Dr. Sharroky Hollie discusses his journey and experiences that led him to become an advocate for culturally responsive teaching. He emphasizes the importance of recognizing the inequities in education, highlights the role of language in fostering equity and cultural responsiveness in education, and the importance of quality professional development that provides ongoing support and collaboration.

Thirty years ago, Dr. Sharroky Hollie began his career as a classroom teacher, where he encountered high levels of inequities in many students being inadequately served. He was able to address this within his classroom, but knew the issues extended far beyond those walls. Dr. Hollie has since had an impactful career as a leader in professional development, an author, a motivational speaker and more on the topic of culturally responsive teaching (CRT).

In our latest episode of Highest Aspiration, we interview Dr. Hollie to learn more about the importance of culturally responsive teaching and the climate teachers face today. Listen to the full conversation with Dr. Sharroky Hollie here, and find key takeaways from the conversation below.

What is culturally responsive teaching?

The notion of culturally responsive or relevant teaching traces back to the 1960s and has been explored by many experts and educators since. Dr. Hollie emphasizes that it is composed of many concepts under a large umbrella - but one term he avoids is cultural competence, because his approach avoids determining whether someone is competent or incompetent and focuses more on what everyone can do.

“My term of cultural linguistic responsiveness, I like to focus on it being the verb of response -  being responsive. That's what we have to do with our students in a validating and affirming way. I follow the branch of Geneva Gay’s work out of University of Washington. We must respond to our students….I think there’s a lot of varieties of this and educators need to decide what approach they want. Then it helps to point them towards being more responsive to their students.”

From classroom management to the texts and literature students can use to the way vocabulary and language are taught and discussed, culturally responsive teaching extends to all areas of learning and can take a wide variety of formats. The common thread is ensuring that what and how you are teaching is in direct response to who you are teaching and how they learn best.

Role of language in fostering equity

Language is inextricably linked to culture - as Dr. Hollie shares, there is nothing more essential to who a person is than their language. Too often in education, we attempt to address or teach them in an isolated way: “I've seen cases where teachers are looking at a student in this terminology of “Spanish speaker” versus who the student is culturally or ethnically. It's this false separation of language from culture that's contributing to some of the inequity because our system feels like we can treat the language, but we don't have to treat the culture.”

When educators solely label students based on their language proficiency, they risk oversimplifying complex cultural identities.

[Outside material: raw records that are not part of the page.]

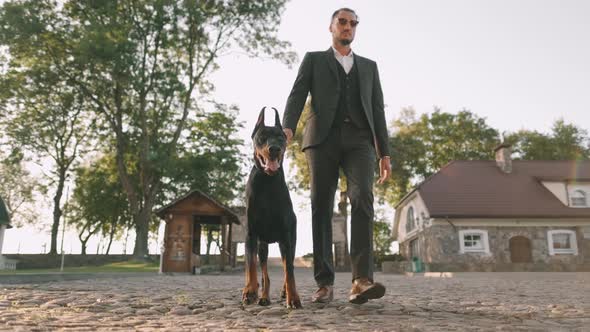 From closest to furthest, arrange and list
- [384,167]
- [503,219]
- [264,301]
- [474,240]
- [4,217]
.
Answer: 1. [264,301]
2. [384,167]
3. [474,240]
4. [503,219]
5. [4,217]

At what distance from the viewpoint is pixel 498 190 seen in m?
31.5

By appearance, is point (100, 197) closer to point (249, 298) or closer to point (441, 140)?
point (441, 140)

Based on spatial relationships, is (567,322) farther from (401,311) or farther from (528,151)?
(528,151)

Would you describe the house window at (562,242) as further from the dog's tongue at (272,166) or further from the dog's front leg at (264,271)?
the dog's tongue at (272,166)

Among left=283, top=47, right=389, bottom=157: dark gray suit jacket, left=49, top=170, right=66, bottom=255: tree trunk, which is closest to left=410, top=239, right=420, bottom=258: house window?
left=49, top=170, right=66, bottom=255: tree trunk

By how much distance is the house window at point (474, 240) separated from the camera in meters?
29.0

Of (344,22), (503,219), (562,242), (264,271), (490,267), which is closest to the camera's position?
(264,271)

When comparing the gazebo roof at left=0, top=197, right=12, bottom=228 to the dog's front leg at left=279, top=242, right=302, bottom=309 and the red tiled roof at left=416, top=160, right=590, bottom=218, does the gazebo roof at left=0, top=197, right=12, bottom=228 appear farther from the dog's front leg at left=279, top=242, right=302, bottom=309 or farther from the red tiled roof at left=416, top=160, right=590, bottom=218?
the dog's front leg at left=279, top=242, right=302, bottom=309

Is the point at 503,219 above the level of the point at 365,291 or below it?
above

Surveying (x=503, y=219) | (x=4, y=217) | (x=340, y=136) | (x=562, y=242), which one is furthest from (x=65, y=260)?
(x=340, y=136)

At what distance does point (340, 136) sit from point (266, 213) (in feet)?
3.88

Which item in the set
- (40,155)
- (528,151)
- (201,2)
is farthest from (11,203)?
(528,151)

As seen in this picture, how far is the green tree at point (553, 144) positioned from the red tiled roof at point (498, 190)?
8506mm

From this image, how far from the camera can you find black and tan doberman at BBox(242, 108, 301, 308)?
4.40 metres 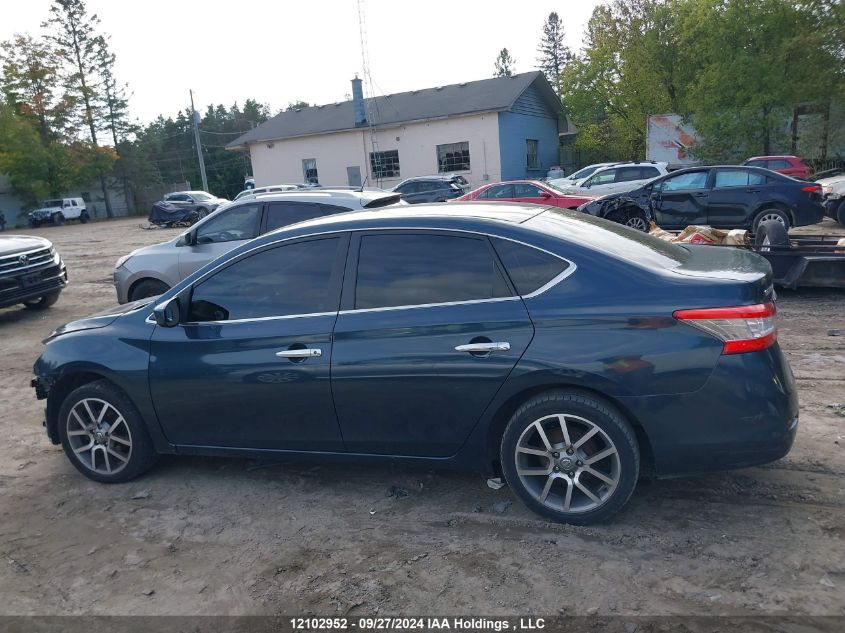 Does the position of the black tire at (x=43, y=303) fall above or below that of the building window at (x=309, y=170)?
below

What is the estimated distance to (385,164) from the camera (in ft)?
115

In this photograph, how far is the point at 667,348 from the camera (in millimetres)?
3348

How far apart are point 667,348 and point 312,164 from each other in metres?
35.7

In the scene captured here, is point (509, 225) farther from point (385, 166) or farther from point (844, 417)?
point (385, 166)

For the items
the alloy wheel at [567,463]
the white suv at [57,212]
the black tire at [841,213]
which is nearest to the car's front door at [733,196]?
the black tire at [841,213]

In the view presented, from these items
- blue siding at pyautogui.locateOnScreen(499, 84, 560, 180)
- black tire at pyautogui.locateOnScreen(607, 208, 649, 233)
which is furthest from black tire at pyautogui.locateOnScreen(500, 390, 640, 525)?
blue siding at pyautogui.locateOnScreen(499, 84, 560, 180)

Embracing a more nuanced and holistic perspective allows educators to appreciate the diversity within language groups and tailor instructional strategies that resonate with the cultural contexts of their students.

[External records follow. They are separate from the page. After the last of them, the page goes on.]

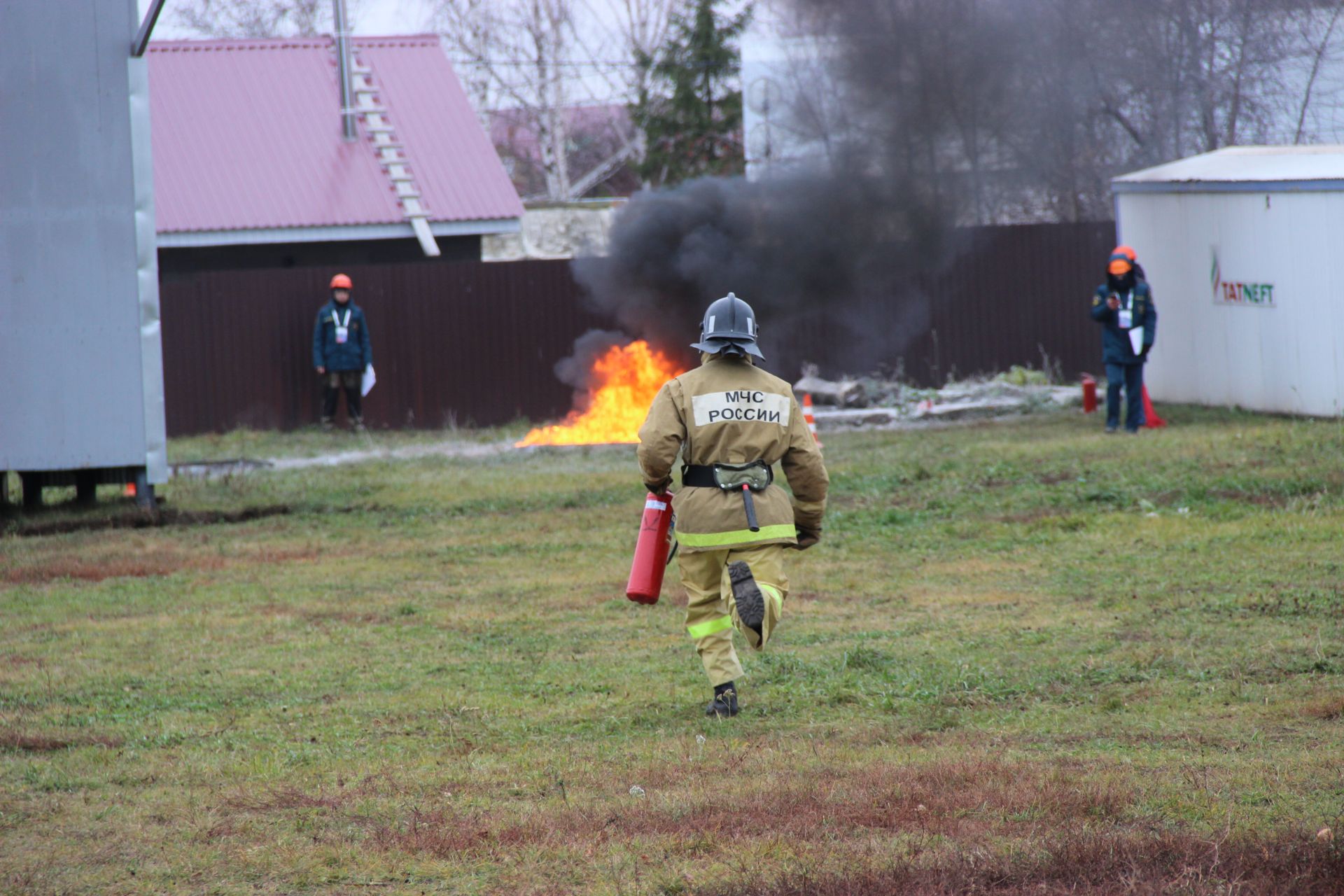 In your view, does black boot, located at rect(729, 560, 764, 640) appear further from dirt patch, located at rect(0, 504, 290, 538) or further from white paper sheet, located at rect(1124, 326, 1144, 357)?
white paper sheet, located at rect(1124, 326, 1144, 357)

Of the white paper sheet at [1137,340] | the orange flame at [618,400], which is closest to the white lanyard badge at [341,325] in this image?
the orange flame at [618,400]

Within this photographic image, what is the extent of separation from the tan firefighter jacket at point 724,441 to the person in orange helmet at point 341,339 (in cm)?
1232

Institutional vs. individual change

Much like how Dr. Hollie got his start in this work, there are teachers in every district across the country that are implementing CRT in their classrooms. But in order for significant improvement to happen, the change must lie at the systemic, rather than individual level. 

“I think regardless if we're talking about it in the context of specifically multilingual or beyond, for me it's really about districts or schools first just having honest, open, transparent conversation that there are some students that they're failing and that's not the end of the world, but that it starts with that admission and that we have to do something about it.”

Without the proper infrastructure and support in place, change will remain contained to individual classrooms. Dr. Hollie shares three key steps that must happen to scale the impact and promote equity.

  • Recognition of where the system they are in is falling short in serving their diverse student population

  • Development of a multi-pronged approach where leaders recognize that there is no singular solution or a one-size-fits-all approach, and instead prioritize offering a variety of techniques so that every student can benefit

  • Implement a feedback loop to ensure that any professional learning and growth or development that is happening is sustained and continuing over time, rather than a one-and-done mentality around PD.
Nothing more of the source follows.